Over the past few decades, health care costs in the United States have soared, leaving some physicians struggling to provide the best care for their patients while managing the business end of their practices.
Dr. Greg Darrow, a family physician from New Mexico, and Dr. George Knaysi, a surgical oncologist from Virginia, have each practiced medicine for more than 30 years. They spoke with NPR's Melissa Block about the changes they've seen in health care, and where the system might be headed.
"There's a lot more to it now than just having a good bedside manner and being an accomplished physician," Darrow said.
There's an expectation for doctors employed by a large group to hit a "production target" or make a certain amount of money from their patients, Darrow says. Marketing, patient satisfaction, quarterly numbers and all the business ends can intrude into the practice of medicine, he says, and he gets frustrated by all the things he needs to do to "fulfill the hoops of the corporation."
Darrow says sometimes he wants to say " 'Leave me alone, I know what I do best,' which is to take good care of people."
Knaysi has practiced medicine for about the same number of years, but he says his experience is somewhat different because he works in a private practice and because of his specialization as a surgical oncologist.
"We still control our life a little bit more; there's nobody really looking at us, telling us how we should do," he said. "Over the past 38 years we've had tremendous change in not just the scientific part of medicine and surgery, but also the business."
Overhead costs keeping going up, and reimbursements keep going down, says Knaysi. "I used to joke that we were going from Nordstrom's to Wal-Mart. The big challenge is to maintain quality with high volume."
Both doctors agree that more procedures and more tests being done have contributed to spiraling health care costs.

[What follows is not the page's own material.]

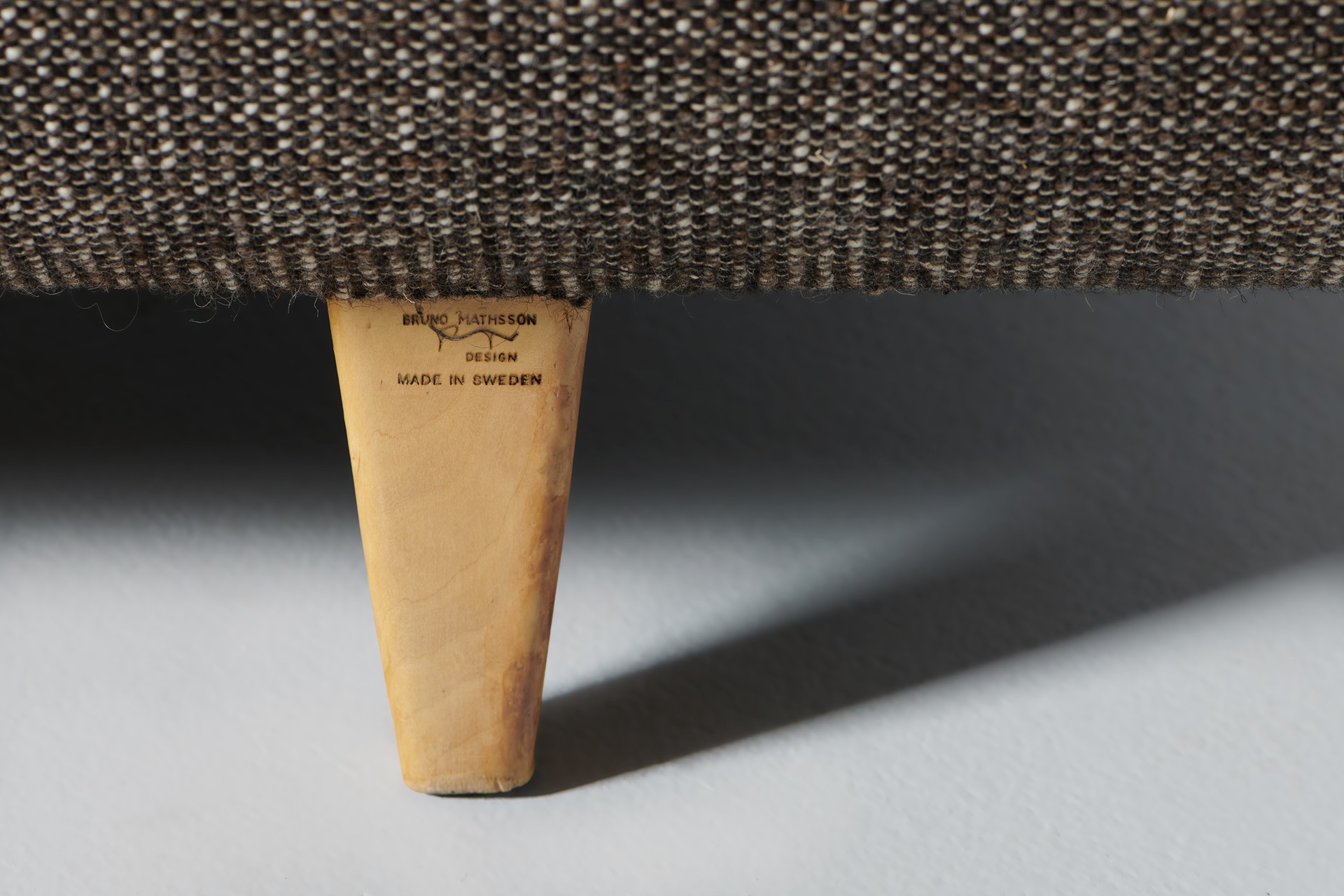 Sofa image 5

And, says Knaysi, not only has medicine gotten much more complex with "a huge menu of options" for testing and therapy, but the fear of lawsuits has become ingrained in both doctors' and hospitals' minds. He says that even during a 20-minute operation there will be three people in the operating room, and one of them is an RN entering data that could be used in a lawsuit.
"At the end of a 20-minute operation I've signed, dated ... my name 13 times and there's a nurse who has probably cranked out maybe 10 or 15 pages of printout. We don't even look at it; it's just there in case something happens," said Knaysi.
More Options, More Demands
Darrow says changes in patient behavior are also part of the shift in health care. The availability of technology and the direct marketing of pharmaceuticals have changed patients' expectations of health care, he says.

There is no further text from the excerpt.